TASK GOAL
In the entries below, begin at the line with "proti vlámaniu VLOŽKA" and stop after the line with "BREVILLE the Smart"; output those lines exactly and omit the pictures.
··· SUPPLIED DATA
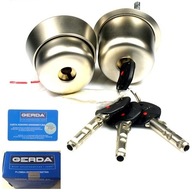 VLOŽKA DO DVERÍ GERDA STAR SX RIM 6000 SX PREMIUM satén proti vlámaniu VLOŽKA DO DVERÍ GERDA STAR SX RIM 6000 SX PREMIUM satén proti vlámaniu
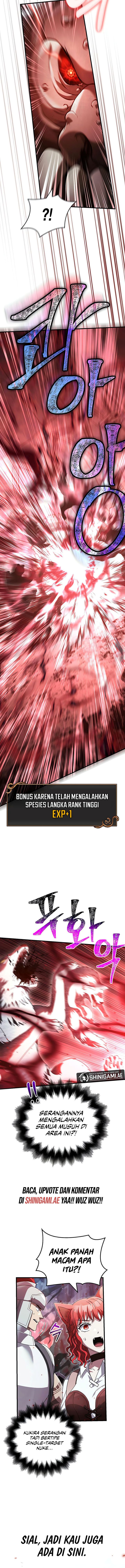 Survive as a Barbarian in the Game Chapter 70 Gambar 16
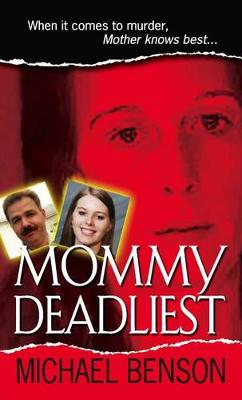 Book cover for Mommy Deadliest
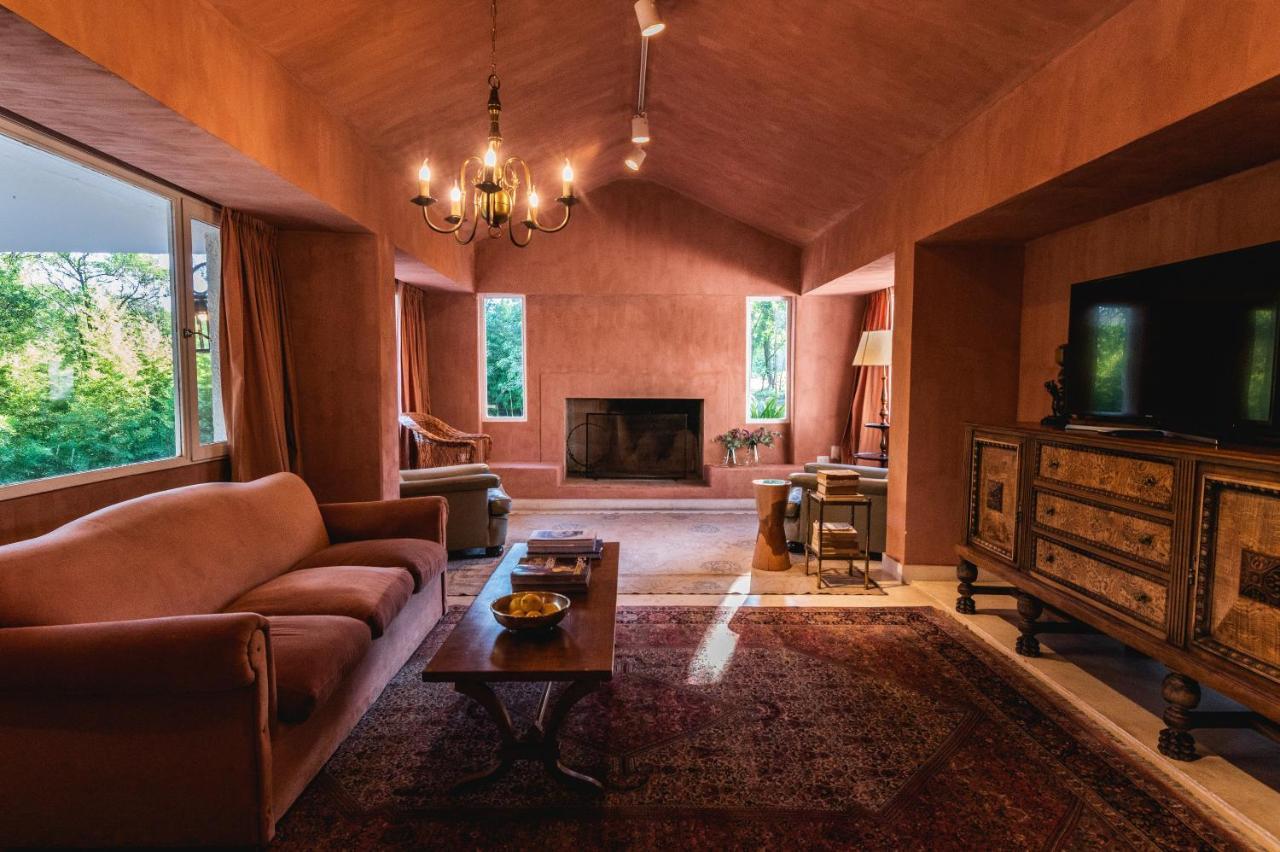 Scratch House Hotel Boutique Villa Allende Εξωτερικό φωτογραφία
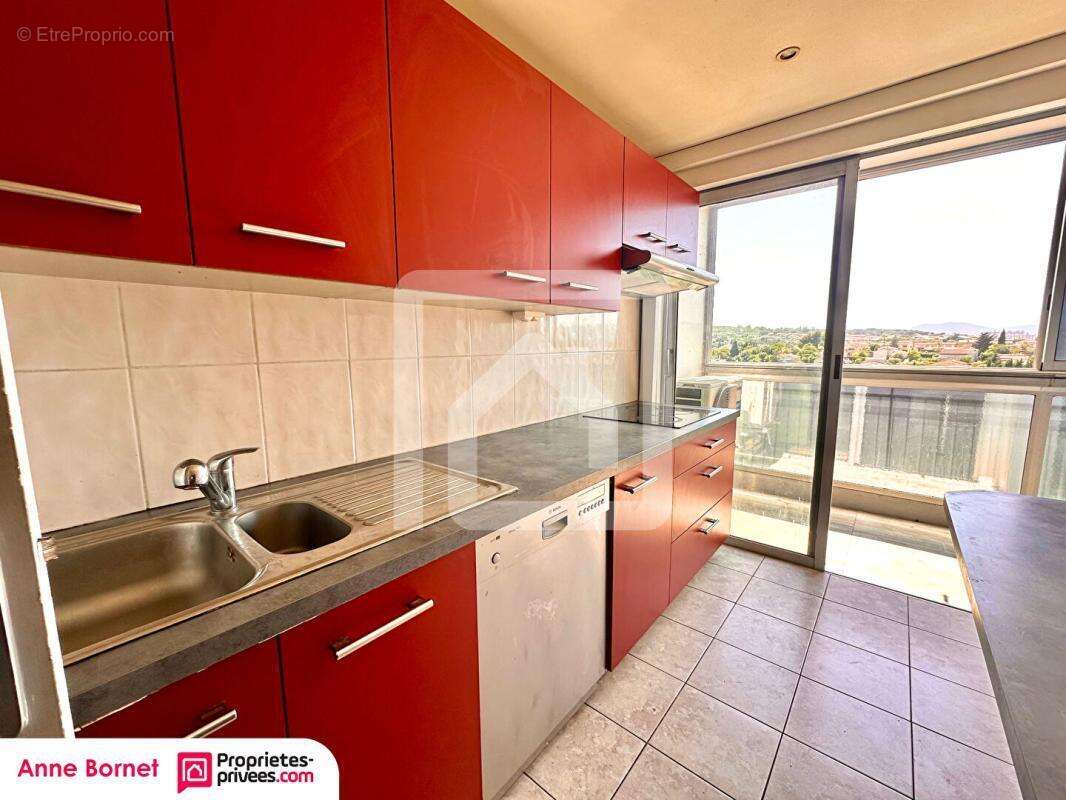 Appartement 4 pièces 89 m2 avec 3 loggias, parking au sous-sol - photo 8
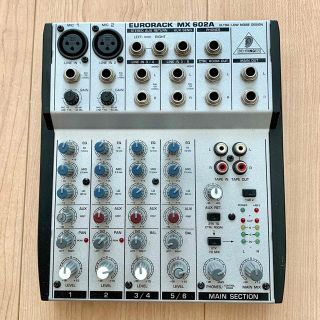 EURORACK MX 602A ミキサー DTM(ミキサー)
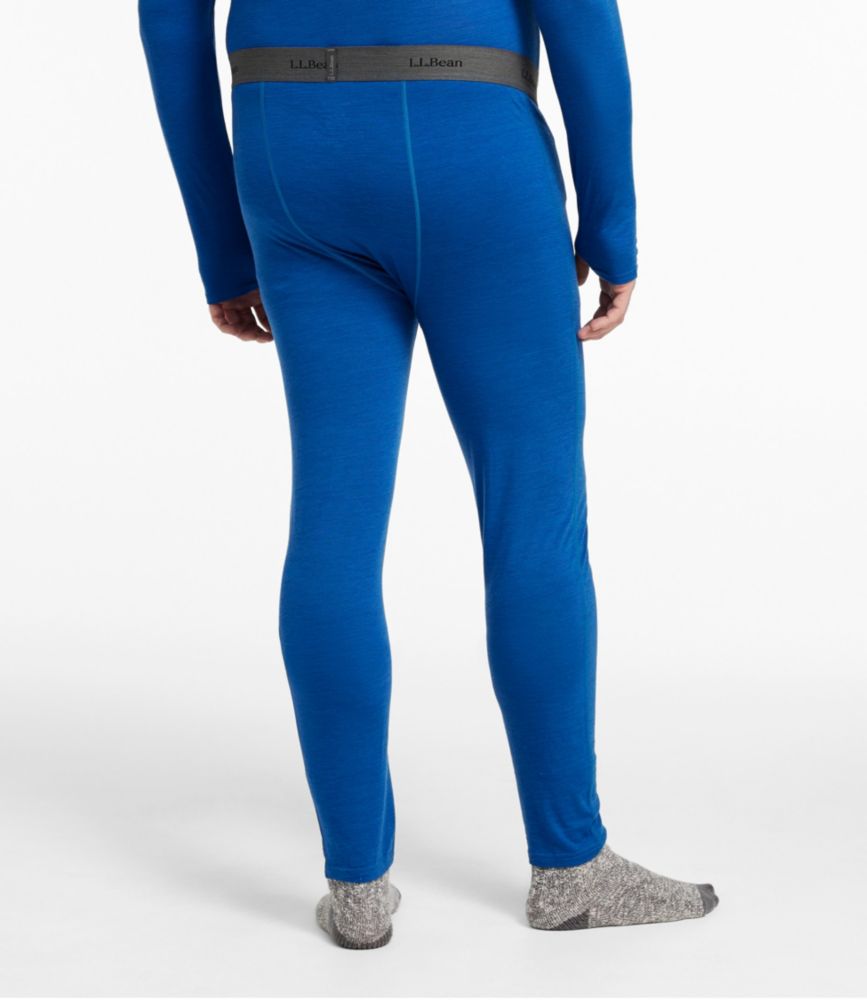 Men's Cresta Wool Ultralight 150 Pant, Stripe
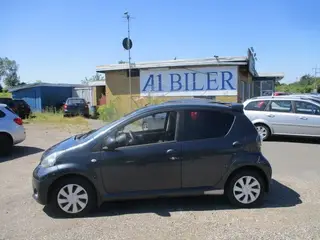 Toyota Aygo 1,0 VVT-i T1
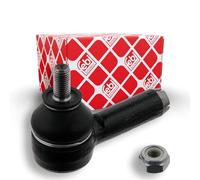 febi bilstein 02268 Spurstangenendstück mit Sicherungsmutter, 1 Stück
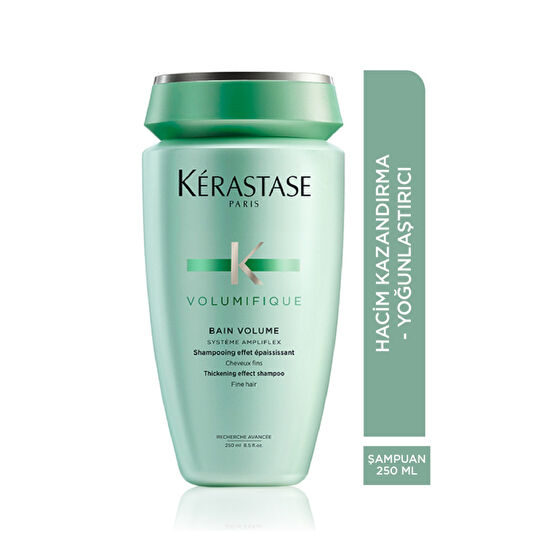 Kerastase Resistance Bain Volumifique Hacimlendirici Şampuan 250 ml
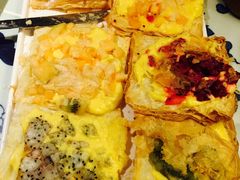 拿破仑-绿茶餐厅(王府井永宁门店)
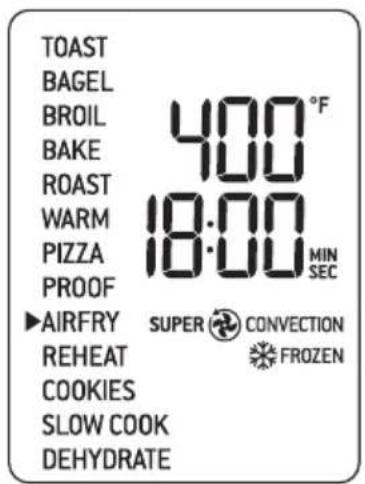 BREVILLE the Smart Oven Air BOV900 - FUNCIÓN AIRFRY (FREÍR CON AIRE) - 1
······
··· SUPPLIED DATA
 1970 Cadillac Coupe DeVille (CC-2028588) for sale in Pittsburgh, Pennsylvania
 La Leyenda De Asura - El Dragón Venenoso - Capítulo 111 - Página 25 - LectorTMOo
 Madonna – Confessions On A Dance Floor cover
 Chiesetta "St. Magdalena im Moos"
······
ANSWER SECTION
 VLOŽKA DO DVERÍ GERDA STAR SX RIM 6000 SX PREMIUM satén proti vlámaniu VLOŽKA DO DVERÍ GERDA STAR SX RIM 6000 SX PREMIUM satén proti vlámaniu
 Survive as a Barbarian in the Game Chapter 70 Gambar 16
 Book cover for Mommy Deadliest
 Scratch House Hotel Boutique Villa Allende Εξωτερικό φωτογραφία
 Appartement 4 pièces 89 m2 avec 3 loggias, parking au sous-sol - photo 8
 EURORACK MX 602A ミキサー DTM(ミキサー)
 Men's Cresta Wool Ultralight 150 Pant, Stripe
 Toyota Aygo 1,0 VVT-i T1
 febi bilstein 02268 Spurstangenendstück mit Sicherungsmutter, 1 Stück
 Kerastase Resistance Bain Volumifique Hacimlendirici Şampuan 250 ml
 拿破仑-绿茶餐厅(王府井永宁门店)
 BREVILLE the Smart Oven Air BOV900 - FUNCIÓN AIRFRY (FREÍR CON AIRE) - 1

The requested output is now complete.